Cascaded floating-point reduction?

Saad Zafar · Aug 21, 2013

y1= 1.5f*y0 - x*y0*y0*y0

....Note that all quantities are in single precision floating point. I can't write this equation in behavioral form for synthesizer to optimize because it has to be broken down and fed into FP-multipliers. I have got both the y0 and x available in 1 clock cycle ready to be plugged into this equation ....Now I'm stuck on reducing this equation in least cycles...right now I have got cascaded series fp-multipliers feeding into final fp-subtractor...Each multiplication consuming one clock cycle.

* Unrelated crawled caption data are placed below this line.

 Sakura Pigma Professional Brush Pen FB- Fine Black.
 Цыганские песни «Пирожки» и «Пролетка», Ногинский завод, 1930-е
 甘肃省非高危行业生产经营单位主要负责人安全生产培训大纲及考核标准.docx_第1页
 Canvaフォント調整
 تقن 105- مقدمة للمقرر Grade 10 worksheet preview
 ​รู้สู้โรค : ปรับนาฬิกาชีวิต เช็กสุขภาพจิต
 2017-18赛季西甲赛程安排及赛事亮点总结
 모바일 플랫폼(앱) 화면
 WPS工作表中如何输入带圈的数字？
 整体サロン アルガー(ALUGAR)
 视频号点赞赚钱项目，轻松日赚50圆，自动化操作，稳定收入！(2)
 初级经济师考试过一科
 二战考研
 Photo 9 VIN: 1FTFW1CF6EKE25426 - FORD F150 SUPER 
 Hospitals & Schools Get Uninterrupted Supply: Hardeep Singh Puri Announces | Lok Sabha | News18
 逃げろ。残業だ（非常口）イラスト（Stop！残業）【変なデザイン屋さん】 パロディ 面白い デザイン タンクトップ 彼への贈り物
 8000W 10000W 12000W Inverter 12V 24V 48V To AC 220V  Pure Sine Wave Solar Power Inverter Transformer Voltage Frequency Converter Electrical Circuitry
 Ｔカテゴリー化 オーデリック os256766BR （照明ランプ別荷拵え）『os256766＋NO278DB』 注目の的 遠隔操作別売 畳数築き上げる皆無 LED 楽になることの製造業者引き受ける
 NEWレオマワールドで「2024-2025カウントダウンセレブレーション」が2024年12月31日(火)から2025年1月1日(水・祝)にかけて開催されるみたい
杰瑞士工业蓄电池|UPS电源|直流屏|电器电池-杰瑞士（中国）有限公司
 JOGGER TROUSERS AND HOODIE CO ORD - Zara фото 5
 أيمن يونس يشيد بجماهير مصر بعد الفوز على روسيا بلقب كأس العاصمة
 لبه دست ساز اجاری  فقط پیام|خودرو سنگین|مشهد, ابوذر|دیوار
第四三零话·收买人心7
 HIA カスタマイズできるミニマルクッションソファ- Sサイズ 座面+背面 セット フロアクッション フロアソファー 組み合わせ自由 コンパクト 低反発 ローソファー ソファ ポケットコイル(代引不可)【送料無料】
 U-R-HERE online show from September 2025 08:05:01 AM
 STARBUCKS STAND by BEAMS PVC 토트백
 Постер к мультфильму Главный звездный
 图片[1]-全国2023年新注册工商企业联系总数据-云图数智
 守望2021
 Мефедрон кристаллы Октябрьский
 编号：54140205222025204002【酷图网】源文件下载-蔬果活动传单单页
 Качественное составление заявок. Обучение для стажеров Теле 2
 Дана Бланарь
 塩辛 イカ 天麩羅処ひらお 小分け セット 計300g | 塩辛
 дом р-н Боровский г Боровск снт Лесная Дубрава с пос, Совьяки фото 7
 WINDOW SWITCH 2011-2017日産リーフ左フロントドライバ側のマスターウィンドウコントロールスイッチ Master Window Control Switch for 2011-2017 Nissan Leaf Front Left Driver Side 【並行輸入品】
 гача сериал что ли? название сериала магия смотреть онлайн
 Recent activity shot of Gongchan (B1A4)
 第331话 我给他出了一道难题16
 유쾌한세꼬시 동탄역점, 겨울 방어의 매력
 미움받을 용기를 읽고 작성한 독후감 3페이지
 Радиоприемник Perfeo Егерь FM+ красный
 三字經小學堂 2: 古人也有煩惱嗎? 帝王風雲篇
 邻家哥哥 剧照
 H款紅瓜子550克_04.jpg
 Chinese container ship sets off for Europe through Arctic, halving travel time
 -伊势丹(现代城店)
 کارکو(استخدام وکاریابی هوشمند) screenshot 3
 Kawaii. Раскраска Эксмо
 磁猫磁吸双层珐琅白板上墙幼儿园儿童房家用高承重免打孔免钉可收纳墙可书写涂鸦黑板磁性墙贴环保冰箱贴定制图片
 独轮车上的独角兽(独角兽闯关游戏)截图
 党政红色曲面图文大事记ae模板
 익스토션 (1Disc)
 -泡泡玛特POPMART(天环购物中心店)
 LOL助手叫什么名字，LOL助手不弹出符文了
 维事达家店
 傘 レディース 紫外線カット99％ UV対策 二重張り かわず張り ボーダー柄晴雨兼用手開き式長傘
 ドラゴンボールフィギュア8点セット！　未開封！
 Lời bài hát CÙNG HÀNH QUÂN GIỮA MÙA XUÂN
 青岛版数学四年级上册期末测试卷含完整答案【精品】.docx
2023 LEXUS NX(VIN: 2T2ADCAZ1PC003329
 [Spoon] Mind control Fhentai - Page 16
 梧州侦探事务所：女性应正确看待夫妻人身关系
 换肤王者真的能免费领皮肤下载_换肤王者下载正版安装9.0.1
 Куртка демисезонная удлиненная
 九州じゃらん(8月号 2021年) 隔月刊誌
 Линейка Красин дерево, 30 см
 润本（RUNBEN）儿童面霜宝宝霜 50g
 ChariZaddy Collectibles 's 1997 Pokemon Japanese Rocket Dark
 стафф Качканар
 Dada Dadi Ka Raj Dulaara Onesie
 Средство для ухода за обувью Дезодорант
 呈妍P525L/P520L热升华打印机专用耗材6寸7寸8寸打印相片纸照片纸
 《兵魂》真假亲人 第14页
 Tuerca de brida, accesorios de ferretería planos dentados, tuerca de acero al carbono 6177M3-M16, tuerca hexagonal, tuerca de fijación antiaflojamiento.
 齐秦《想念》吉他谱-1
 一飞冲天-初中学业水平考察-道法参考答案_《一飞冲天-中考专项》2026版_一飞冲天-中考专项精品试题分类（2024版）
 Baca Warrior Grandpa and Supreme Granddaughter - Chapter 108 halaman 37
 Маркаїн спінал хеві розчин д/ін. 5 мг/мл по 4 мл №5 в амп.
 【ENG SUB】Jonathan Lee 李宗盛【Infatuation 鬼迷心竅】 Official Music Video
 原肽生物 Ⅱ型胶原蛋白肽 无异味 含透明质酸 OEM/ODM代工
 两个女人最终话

What in your opinion should be the best way to map this equation in hardware? Is there an alternative form of this equation that would be more suitable for implementation?

Regards.

glen herrmannsfeldt · Aug 21, 2013

Saad Zafar <saad1024@gmail.com> wrote:
> y1= 1.5f*y0 - x*y0*y0*y0

The usual one would be to factor out a y0, so

y1 = (1.5f-x*y0*y0)*y0;

That sames one multiplier, but maybe the same number of
pipeline stages.

If you factor it as 1.5f*y0-(x*y0)*(y0*y0);

Then you can do it in one less pipeline stage, but no less
multipliers.

-- glen

Aug 22, 2013

I think the ieee floating point library's * operator is synthesizable, but synthesis would try to build the fp multipliers out of fixed point multipliers (e.g. DSP blocks) itself, which may take more than one clock cycle.

If the above works, then you could enable retiming & pipelining, and then use your original expression, and run the result through multiple pipeline stages. Retiming/pipelining can redistribute the operations and/or logic among the pipeline stages.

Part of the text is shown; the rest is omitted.